Morocco no longer has enough children, aging is accelerating
The face of Morocco is changing radically. The latest results from the 2024 Census confirm a brutal acceleration in the aging of the population. With more than 5 million elderly people, the Kingdom is facing a social and economic time bomb that urgently requires a rethinking of retirement and health policies.
The figures from the High Commission for Planning (HCP) are clear: Morocco has definitively turned the page on its eternal youth. As of September 1, 2024, the country had 5.027 million people aged 60 and over. In just twenty years, this population category has more than doubled, increasing from 2.3 million in 2004 to more than 5 million today. The pace is accelerating dizzily: while the increase was 33% between 2004 and 2014, it has jumped by nearly 60% over the past decade. Now, seniors represent 13.8% of the total population, compared to only 7.2% in the aftermath of independence.
This structural transformation is accompanied by a worrying phenomenon: the contraction of the productive base. For the first time, the share of the working-age population (15-59 years) is declining, falling to 59.7%, while the reservoir of youth (under 15 years) continues to empty, representing only 26.5% of Moroccans. The pressure on the active population is becoming unsustainable: the dependency ratio, which measures the economic burden of retirees on workers, has exploded to reach 22.8% in 2024. A situation exacerbated by the feminization of old age, with women living longer but often finding themselves in more precarious situations.

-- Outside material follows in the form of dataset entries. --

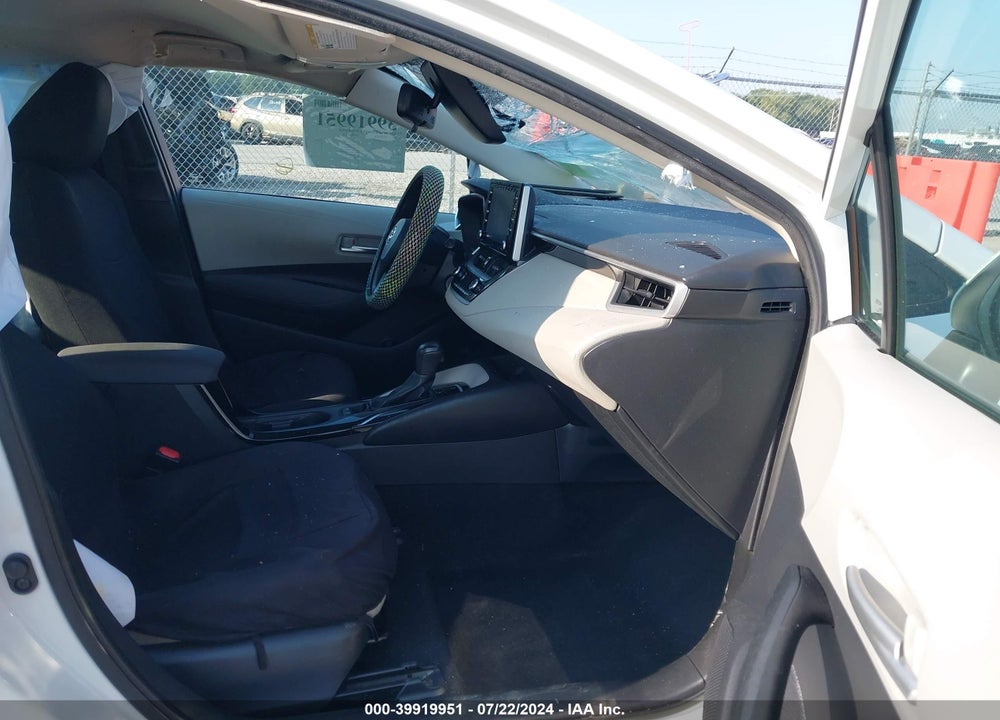 2020 TOYOTA COROLLA LE VIN: 5YFEPRAE7LP025620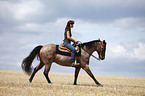 western riding horsewoman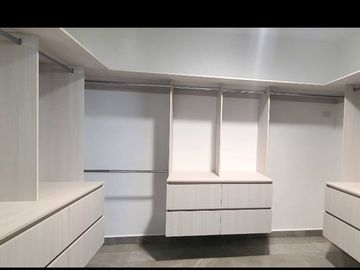 CASA EN VENTA EN CUMBRES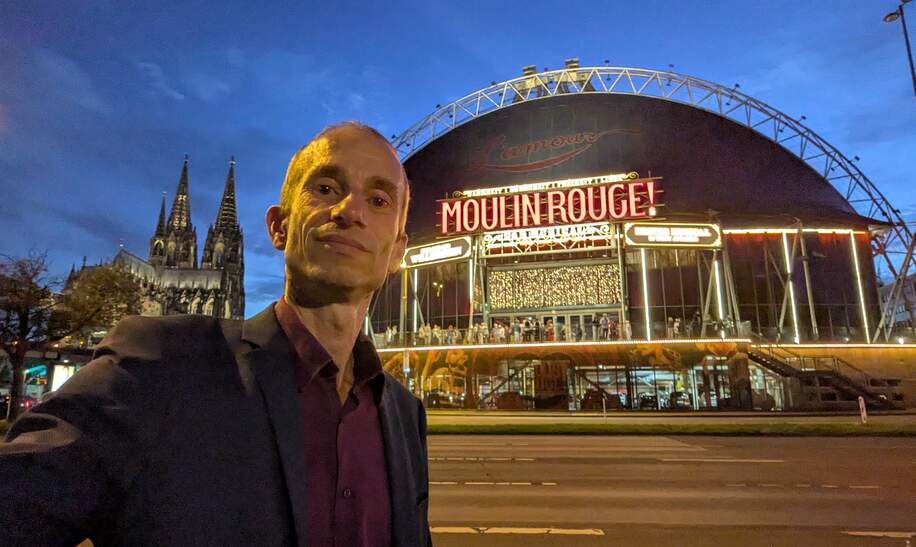 Ameropa Mitarbeiter vor dem MOULIN ROUGE! Das Musical | © Dirk Hendriks
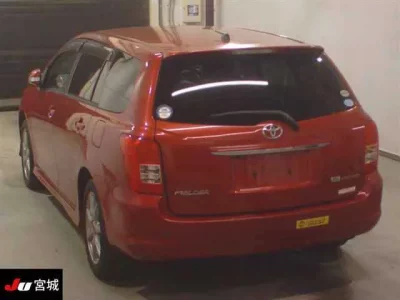 Toyota COROLLA FIELDER  с аукциона в Японии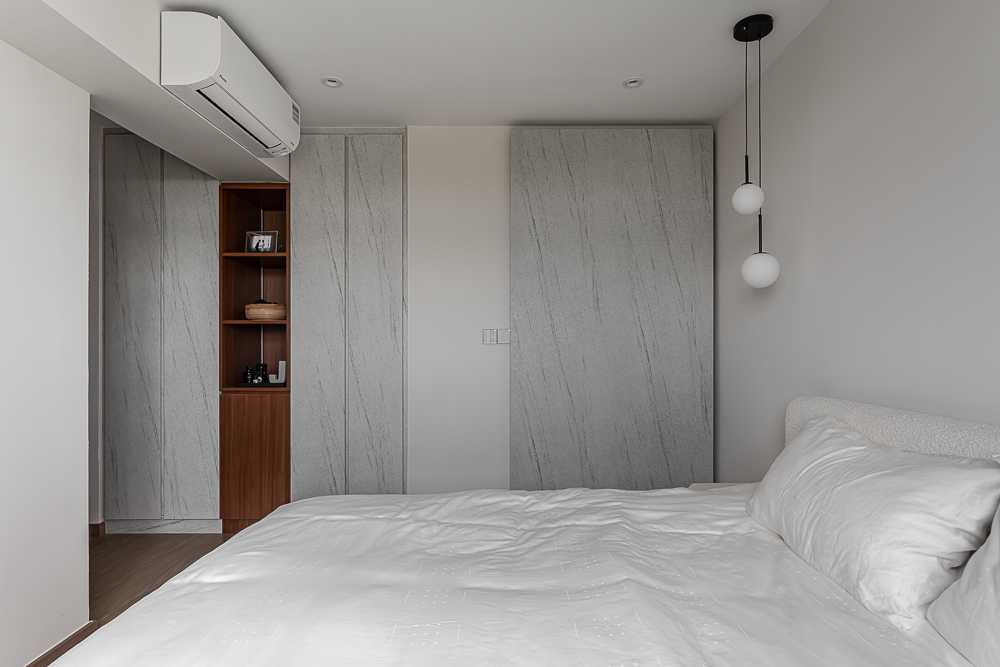 Modern Bedroom with Vinyl Flooring and Wardrobe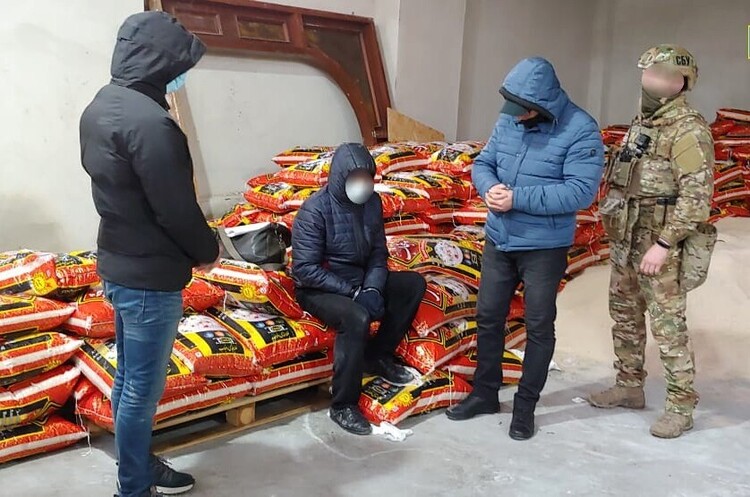 СБУ затримала контрабандистів, які намагалися перевезти понад тонну героїну СБУ затримала контрабандистів, які намагалися перевезти понад тонну героїну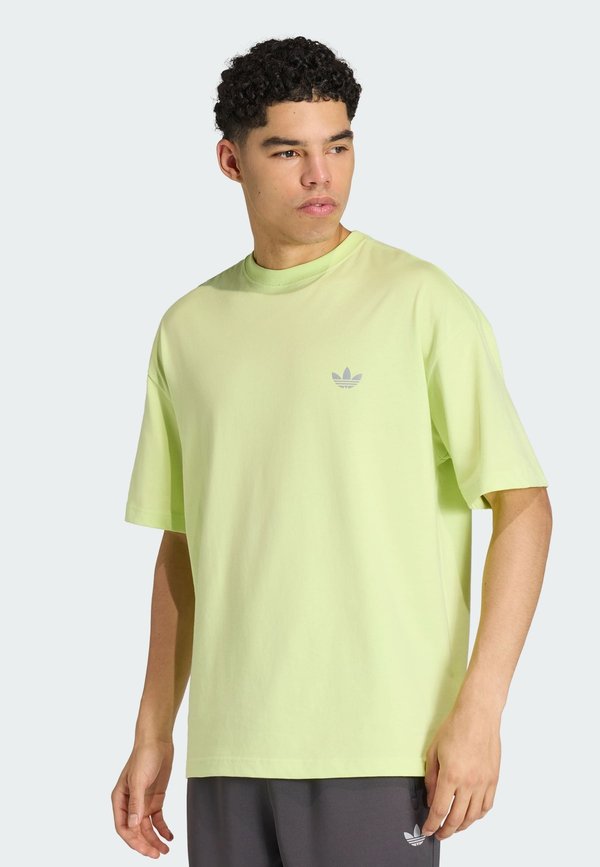 adidas Originals ADIDAS ORIGINALS TREFOIL ESSENTIALS SPACER LOOSE TEE - Basic T-shirt - semi frozen lemon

The cause of this upheaval is now structural: Morocco no longer has enough children to renew its generations. The total fertility rate has fallen to 1.97 children per woman, falling below the critical replacement threshold (2.1). The decline in the age of marriage (32.4 years for men, 24.6 years for women), rapid urbanization, and the widespread use of contraception have transformed the Moroccan family model. Faced with this demographic transition that has happened faster than expected, the HCP warns: without a profound reform of social protection and intergenerational solidarity, the system risks collapse.